For more information about donating to help orphans in Nepal or to purchase Tuell’s book, visit www.ourangelfromnepal.com. The orphanage Maya was adopted from, DOCS Foundation Nepal, is also on Facebook. Tuell’s book is also available on Amazon.com for those who want it in a Kindle format.

It took some time for Michelle Tuell to convince her husband, Chuck, to consider adoption.

“I had always wanted a daughter,” she said. “But after having three boys, I thought it wasn’t in my family plan.”

She began looking into adoption.

However, the couple was in their 40s and Chuck also had two other children from a prior relationship.

“He thought I was nuts,” Michelle recalled with a smile. “It took three years to convince him.”

By that time, the entire family supported adopting a baby girl to add to the family. After researching different options, they decided on international adoption.

“It is just something that worked best for us,” Michelle said. “Any way to adopt is good, whether domestic or international, but since I already had kids, I needed to consider the family dynamic and found out that with domestic adoption, kids are usually tangled up in the foster care system for years. Also, the ratio of caregivers to kids in international adoptions was really good.”

At first, the Tuell’s considered adopting a child from India, but the red tape involved in the process was daunting. Michelle then learned of a pilot adoption program in Nepal. That was in 2003.

Today, her daughter, Maya Marie Anuja Tuell is a 12-year-old sixth-grader at Canyon Creek Middle School in Washougal. She loves water, spending time with friends and climbing trees.

Michelle, 62, shares the adoption journey in “Our Angel From Nepal,” which details the family’s experience and includes a reference guide for other families seeking to adopt. The book was recently released on Amazon.com and is also available for purchase from Michelle’s website, www.ourangelfromnepal.com

“I wanted to share my story of how it all unfolded,” she said. “I talk about the culture of the Nepalese people and their religions.

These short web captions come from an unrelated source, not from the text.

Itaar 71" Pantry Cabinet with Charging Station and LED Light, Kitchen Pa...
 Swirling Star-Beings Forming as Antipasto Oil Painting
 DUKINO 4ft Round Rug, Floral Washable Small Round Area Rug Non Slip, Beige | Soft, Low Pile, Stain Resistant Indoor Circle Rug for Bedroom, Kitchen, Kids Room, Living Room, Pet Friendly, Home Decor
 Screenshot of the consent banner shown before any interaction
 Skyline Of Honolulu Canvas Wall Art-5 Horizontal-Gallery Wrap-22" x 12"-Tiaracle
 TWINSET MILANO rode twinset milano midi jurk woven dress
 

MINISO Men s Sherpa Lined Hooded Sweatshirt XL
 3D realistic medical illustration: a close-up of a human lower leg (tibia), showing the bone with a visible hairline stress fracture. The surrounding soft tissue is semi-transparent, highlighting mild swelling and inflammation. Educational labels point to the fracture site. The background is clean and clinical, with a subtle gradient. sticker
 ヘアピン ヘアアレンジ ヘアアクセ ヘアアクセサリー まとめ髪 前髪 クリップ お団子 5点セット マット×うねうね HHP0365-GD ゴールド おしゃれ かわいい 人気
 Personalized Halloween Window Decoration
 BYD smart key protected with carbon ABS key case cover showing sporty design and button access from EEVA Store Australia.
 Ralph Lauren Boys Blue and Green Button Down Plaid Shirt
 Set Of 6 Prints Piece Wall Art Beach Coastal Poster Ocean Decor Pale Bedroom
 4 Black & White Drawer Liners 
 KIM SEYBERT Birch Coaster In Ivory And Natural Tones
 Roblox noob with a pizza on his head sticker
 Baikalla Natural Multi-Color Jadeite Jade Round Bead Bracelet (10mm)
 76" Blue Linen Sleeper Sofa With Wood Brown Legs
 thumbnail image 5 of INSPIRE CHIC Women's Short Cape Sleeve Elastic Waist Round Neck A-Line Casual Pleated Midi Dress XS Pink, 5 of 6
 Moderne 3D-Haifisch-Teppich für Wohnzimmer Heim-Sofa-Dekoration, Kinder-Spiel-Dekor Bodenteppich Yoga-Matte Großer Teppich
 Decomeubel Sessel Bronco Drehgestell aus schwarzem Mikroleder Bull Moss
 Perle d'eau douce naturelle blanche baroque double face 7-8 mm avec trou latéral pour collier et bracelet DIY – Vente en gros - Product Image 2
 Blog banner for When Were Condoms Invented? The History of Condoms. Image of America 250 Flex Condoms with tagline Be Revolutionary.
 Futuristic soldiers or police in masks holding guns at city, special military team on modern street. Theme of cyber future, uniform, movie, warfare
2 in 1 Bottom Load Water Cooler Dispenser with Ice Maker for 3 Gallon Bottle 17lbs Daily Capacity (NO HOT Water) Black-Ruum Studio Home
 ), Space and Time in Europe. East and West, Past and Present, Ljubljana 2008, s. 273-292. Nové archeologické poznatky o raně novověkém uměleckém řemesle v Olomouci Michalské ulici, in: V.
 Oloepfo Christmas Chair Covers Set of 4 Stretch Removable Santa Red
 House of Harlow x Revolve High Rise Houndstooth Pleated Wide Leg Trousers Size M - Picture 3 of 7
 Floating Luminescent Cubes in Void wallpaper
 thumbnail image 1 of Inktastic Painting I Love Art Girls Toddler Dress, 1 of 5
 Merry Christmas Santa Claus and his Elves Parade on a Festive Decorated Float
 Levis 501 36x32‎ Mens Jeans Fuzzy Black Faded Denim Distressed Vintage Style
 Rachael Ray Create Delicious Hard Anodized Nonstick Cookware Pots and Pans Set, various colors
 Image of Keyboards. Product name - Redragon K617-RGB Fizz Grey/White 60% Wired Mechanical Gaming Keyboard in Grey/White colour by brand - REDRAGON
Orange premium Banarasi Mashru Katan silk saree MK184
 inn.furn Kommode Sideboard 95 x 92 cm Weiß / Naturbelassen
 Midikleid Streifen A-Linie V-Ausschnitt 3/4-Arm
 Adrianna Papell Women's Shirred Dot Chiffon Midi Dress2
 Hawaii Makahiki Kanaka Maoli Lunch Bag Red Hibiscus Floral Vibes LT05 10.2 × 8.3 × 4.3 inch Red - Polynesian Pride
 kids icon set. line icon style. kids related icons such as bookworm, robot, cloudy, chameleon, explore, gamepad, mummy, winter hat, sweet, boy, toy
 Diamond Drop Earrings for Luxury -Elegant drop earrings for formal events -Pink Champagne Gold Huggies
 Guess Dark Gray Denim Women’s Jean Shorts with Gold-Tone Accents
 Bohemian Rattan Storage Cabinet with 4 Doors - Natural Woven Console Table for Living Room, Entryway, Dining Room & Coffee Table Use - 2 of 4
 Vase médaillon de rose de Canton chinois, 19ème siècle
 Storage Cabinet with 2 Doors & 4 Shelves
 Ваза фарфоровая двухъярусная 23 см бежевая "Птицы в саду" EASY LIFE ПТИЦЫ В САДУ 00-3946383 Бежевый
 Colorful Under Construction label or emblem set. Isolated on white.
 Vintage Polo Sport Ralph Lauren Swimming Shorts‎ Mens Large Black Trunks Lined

I talked about my family and feelings about adoption, Nepal and Maya.”

Michelle also wants to provide a resource for other families considering adoption.

“I didn’t know how we could afford it or about tax credits or anything,” she said. “I would have loved to have had a guide that told me, step-by-step, what to do. That’s basically what I do in the book.”

It took two trips to Nepal and about a year to adopt Maya. The first time, Michelle traveled alone to Kathmandu and could only meet Maya, take her for a doctor’s checkup and begin to sign documents for the adoption, which was a whole adventure on its own. On the second trip, she brought her then 15-year-old son, Justin, who kept a journal of the entire experience. They arrived home with Maya on April 26, 2004. Any fear that her family wouldn’t accept the baby melted away when they first laid eyes on her.

“Chuck told me that the moment he laid eyes on her, he felt complete love for her,” she recalls in the book.

Michelle said she felt the same.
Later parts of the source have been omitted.